*YOUR OBJECTIVE*.
Restate the data word for word and leave the images out.

DATA SECTION below:

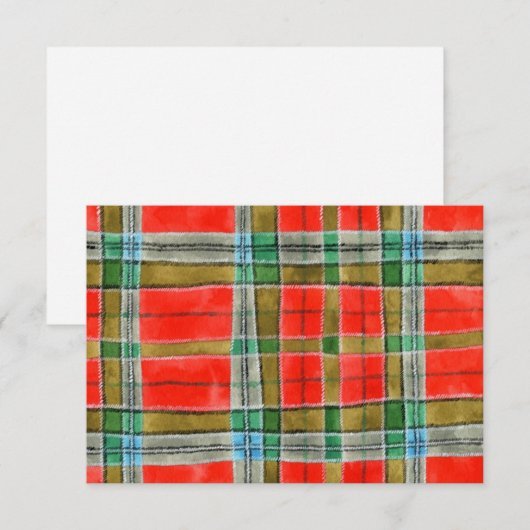 MAC BAIN TARTAN 3,5x5 Carte Plate / Horizontal (Devant / Derrière)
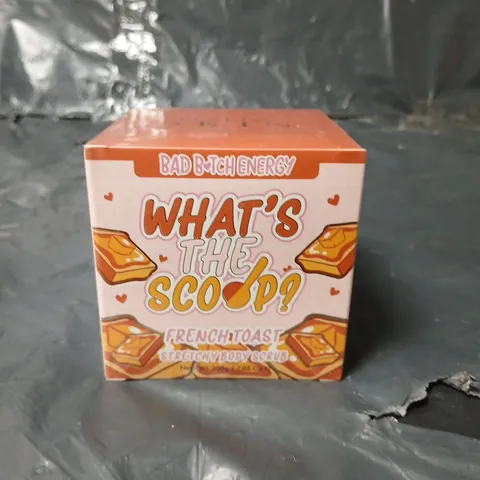 SEALED PLOUISE WHAT'S THE SCOOP? FRENCH TOAST STRETCHY BODY SCRUB - 200G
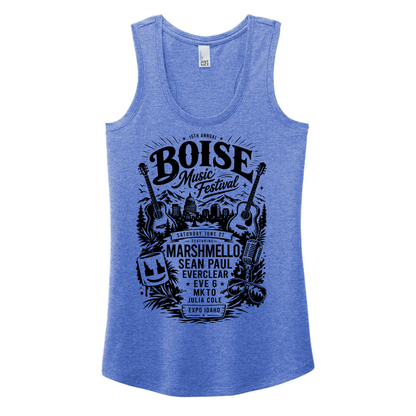 BMF 2026 - District® Women’s Perfect Tri® Racerback Tank - ROYAL FROST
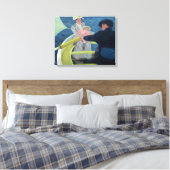 Mary Cassatt - Das Party für Boote Leinwanddruck (Insitu (Schlafzimmer))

End of DATA SECTION.

*RESULT FOR THIS TASK*.
 MAC BAIN TARTAN 3,5x5 Carte Plate / Horizontal (Devant / Derrière)
 SEALED PLOUISE WHAT'S THE SCOOP? FRENCH TOAST STRETCHY BODY SCRUB - 200G
 BMF 2026 - District® Women’s Perfect Tri® Racerback Tank - ROYAL FROST
 Mary Cassatt - Das Party für Boote Leinwanddruck (Insitu (Schlafzimmer))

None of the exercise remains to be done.